I have a dataframe df1
in which I have different sites (df1$Site
) belonging to different regions (df1$Regions
) in which I have data about evidence of herbivory and its type (df1$Herbivory_type
). When there is no herbivory then, df1$Herbivory_type
is NA
. Below I show an example of my dataframe:
df1 <- data.frame(Region=c("ALI1","ALI1","ALI1","ALI1","ALI2","ALI2","ALI2","ALI3","ALI3","ALI3","ALI3","ALI5","ALI5"),
Site=c("ALI1_A","ALI1_B","ALI1_C","ALI1_D","ALI2_A","ALI2_B","ALI2_C","ALI3_A","ALI3_B","ALI3_C","ALI3_D","ALI5_A","ALI5_B"),
Herbivory_type=c(NA,"S",NA,NA,NA,NA,NA,NA,"S","S",NA,NA,"S"))

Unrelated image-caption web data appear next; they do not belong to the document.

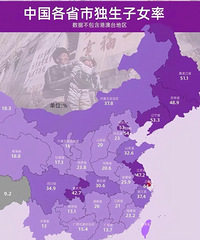 中国各省独生子女率,各省版,东三省这块确实遥遥领先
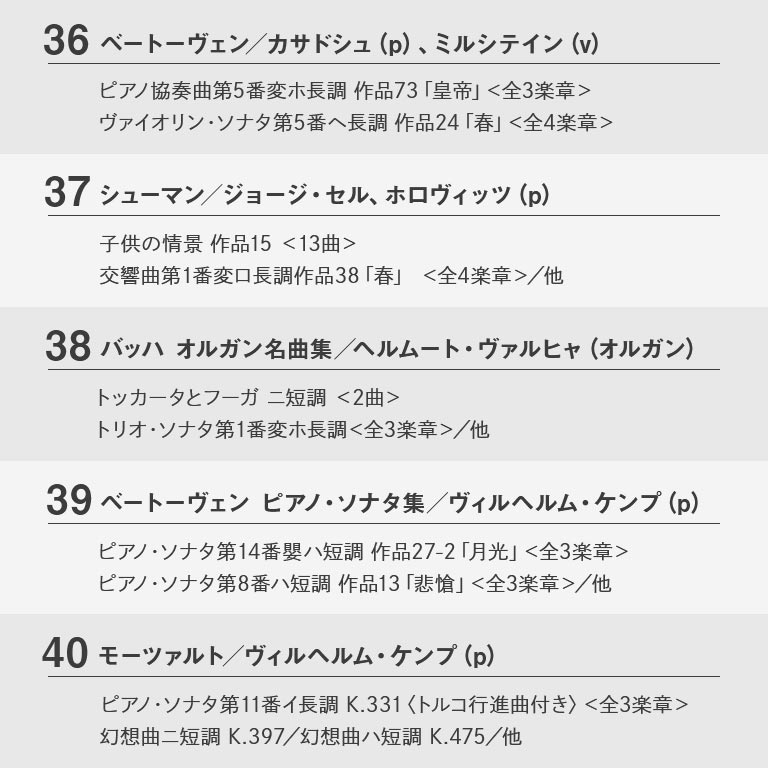 世紀の巨匠たち クラシック名演集 CD50枚セット 【通常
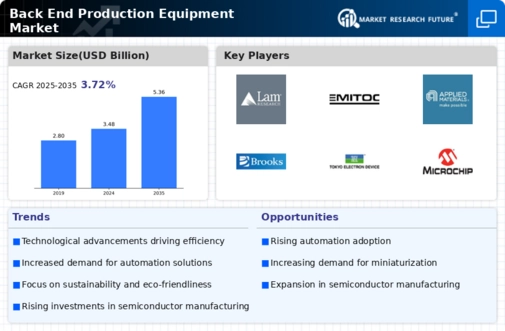 Back End Production Equipment Market Infographic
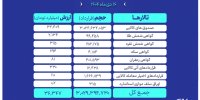 ارزش معاملات بازار مشتقه و مالی بورس کالا به ۳۶ همت رسید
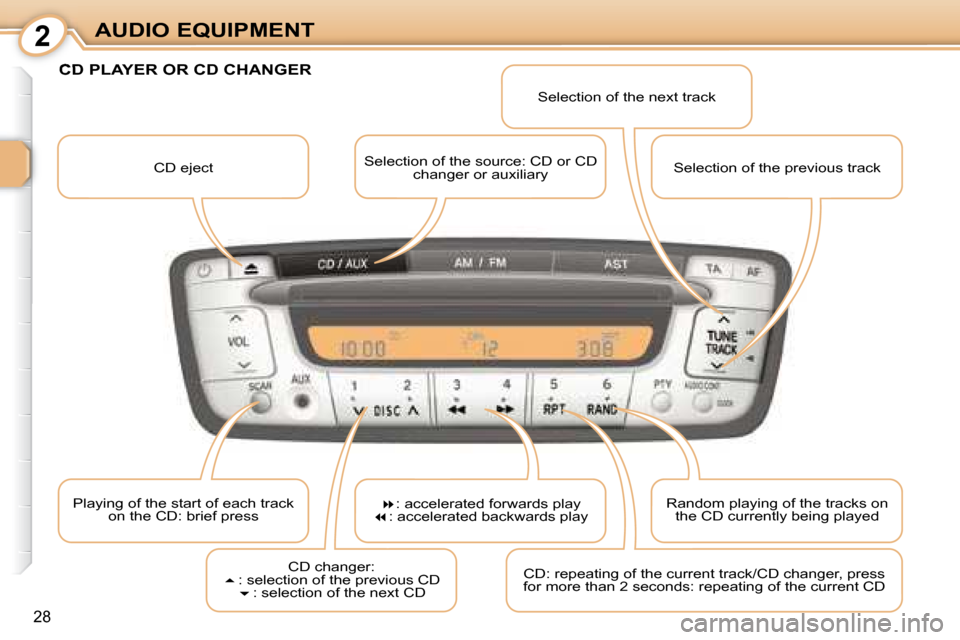 Citroen C1 2008 1.G Owners Manual 2
28
AUDIO EQUIPMENT CD eject   Selection of the source: CD or CD 
changer or auxiliary   Selection of the next track 
 Playing of the start of each track  on the CD: brief press    
�  : accelerat
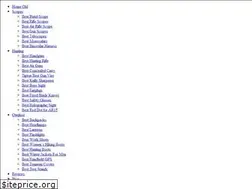 Sites similar to spottingpro.com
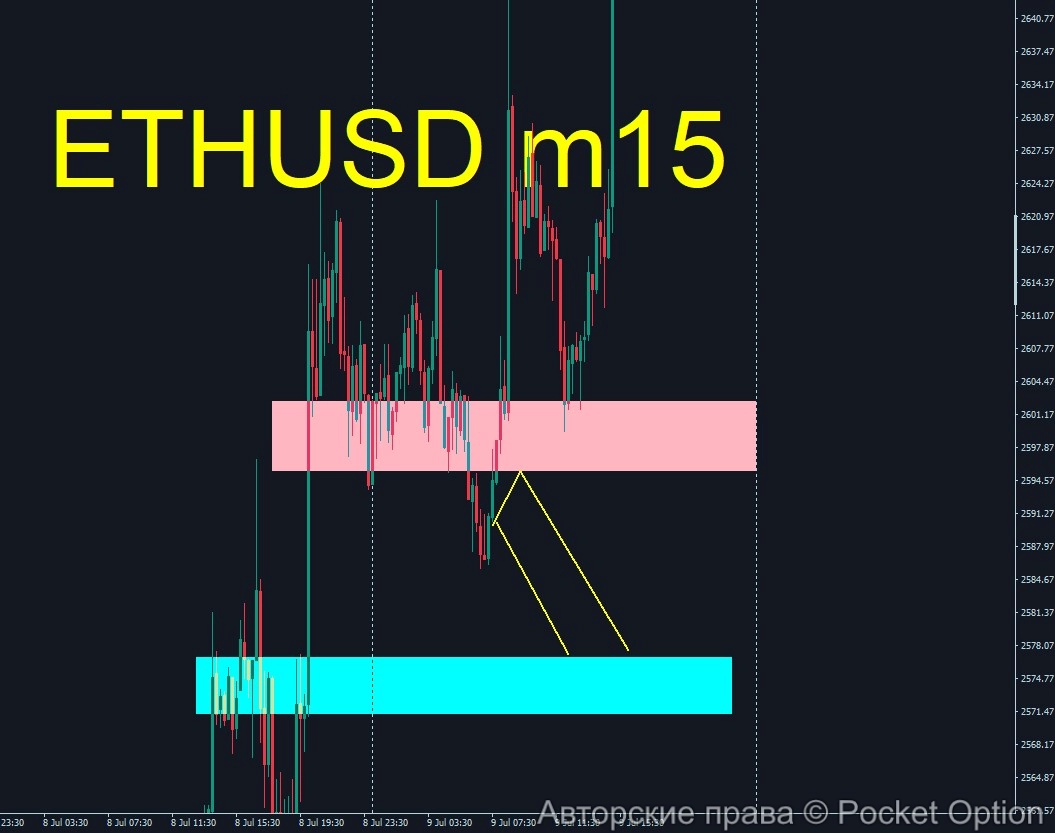 eth13_itog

df1$Herbivory_type <- as.factor(df1$Herbivory_type)
df1
Region Site Herbivory_type
1 ALI1 ALI1_A <NA>
2 ALI1 ALI1_B S
3 ALI1 ALI1_C <NA>
4 ALI1 ALI1_D <NA>
5 ALI2 ALI2_A <NA>
6 ALI2 ALI2_B <NA>
7 ALI2 ALI2_C <NA>
8 ALI3 ALI3_A <NA>
9 ALI3 ALI3_B S
10 ALI3 ALI3_C S
11 ALI3 ALI3_D <NA>
12 ALI5 ALI5_A <NA>
13 ALI5 ALI5_B S
I need to know the number of episodes of herbivorism by Region considering NA
in the counting in df1$Site
. I would expect this result:
df2
Region N_Hervivory_S
1 ALI1 1
2 ALI2 0 # All sites have `NA`, thus, herbivorims is 0 in this region.
3 ALI3 2
4 ALI5 1
I tried this:
as.data.frame(df1 %>% group_by(Region,Herbivory_type) %>% summarise(N = n()))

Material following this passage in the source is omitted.